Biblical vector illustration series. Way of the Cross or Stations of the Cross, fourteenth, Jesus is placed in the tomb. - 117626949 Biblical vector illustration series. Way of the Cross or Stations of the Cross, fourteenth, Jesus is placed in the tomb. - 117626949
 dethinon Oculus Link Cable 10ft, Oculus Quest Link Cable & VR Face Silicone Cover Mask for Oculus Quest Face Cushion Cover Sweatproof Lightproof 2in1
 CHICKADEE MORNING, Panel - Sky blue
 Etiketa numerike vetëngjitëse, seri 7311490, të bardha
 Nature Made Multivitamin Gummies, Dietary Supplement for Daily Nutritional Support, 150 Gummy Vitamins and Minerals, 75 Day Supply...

=======

■ WORK INSTRUCTION
Retype the listing exactly, in full.

■ RESULT
Biblical vector illustration series. Way of the Cross or Stations of the Cross, fourteenth, Jesus is placed in the tomb. - 117626949 Biblical vector illustration series. Way of the Cross or Stations of the Cross, fourteenth, Jesus is placed in the tomb. - 117626949
 dethinon Oculus Link Cable 10ft, Oculus Quest Link Cable & VR Face Silicone Cover Mask for Oculus Quest Face Cushion Cover Sweatproof Lightproof 2in1
 CHICKADEE MORNING, Panel - Sky blue
 Etiketa numerike vetëngjitëse, seri 7311490, të bardha
 Nature Made Multivitamin Gummies, Dietary Supplement for Daily Nutritional Support, 150 Gummy Vitamins and Minerals, 75 Day Supply...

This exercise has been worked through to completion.